• **Source data**
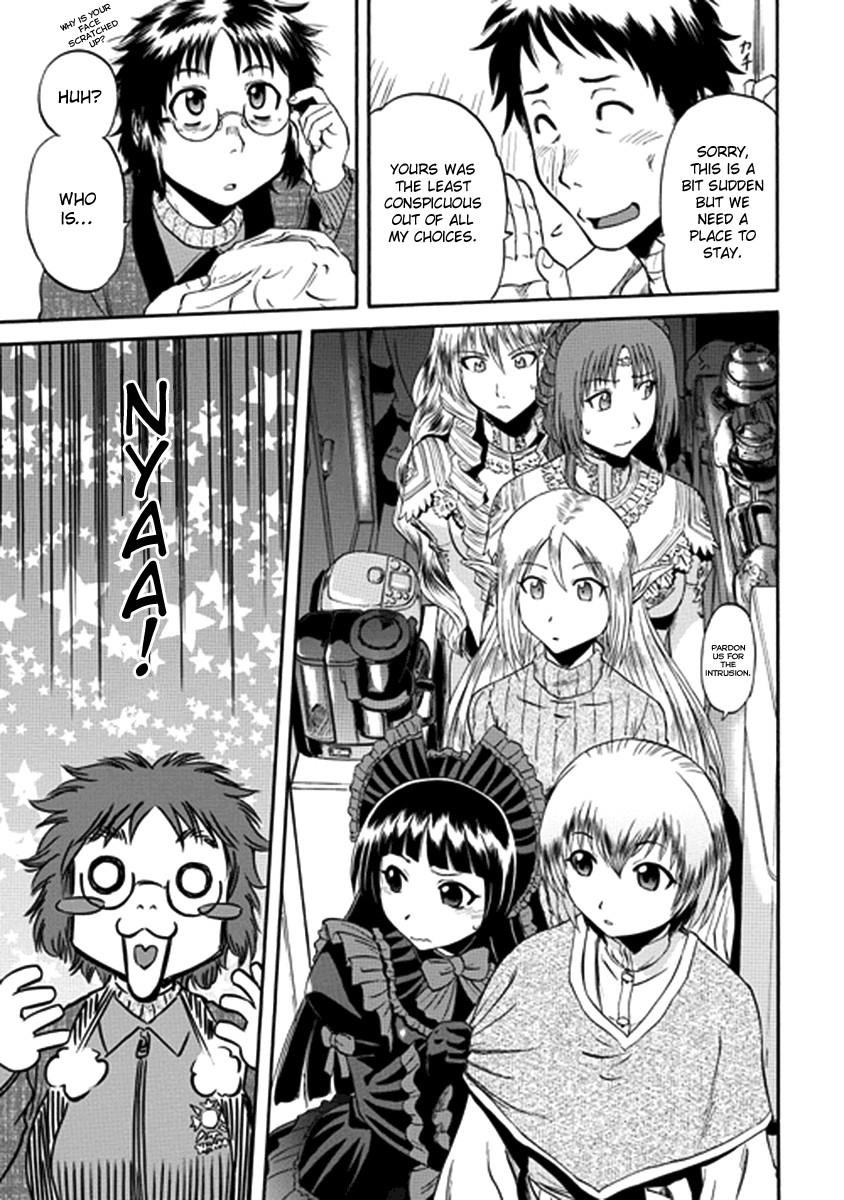 Gate – Jietai Kare No Chi Nite, Kaku Tatakeri Chapter 19 - Page 17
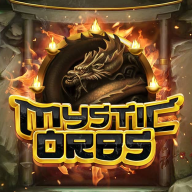 Mystic Orbs logotyp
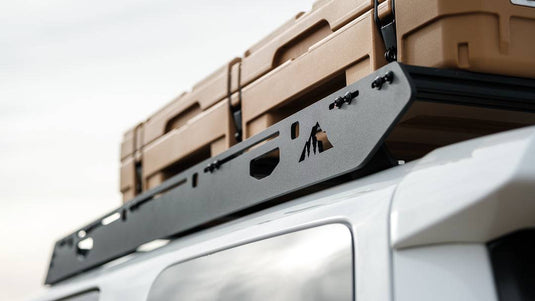 The Needle (2010-2023 4Runner Half Roof Rack) - Sherpa Equipment Company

• **Your instructions**
Reproduce the material in its entirety and word for word, without the pictures.

• **Exercise output**
 Gate – Jietai Kare No Chi Nite, Kaku Tatakeri Chapter 19 - Page 17
 Mystic Orbs logotyp
 The Needle (2010-2023 4Runner Half Roof Rack) - Sherpa Equipment Company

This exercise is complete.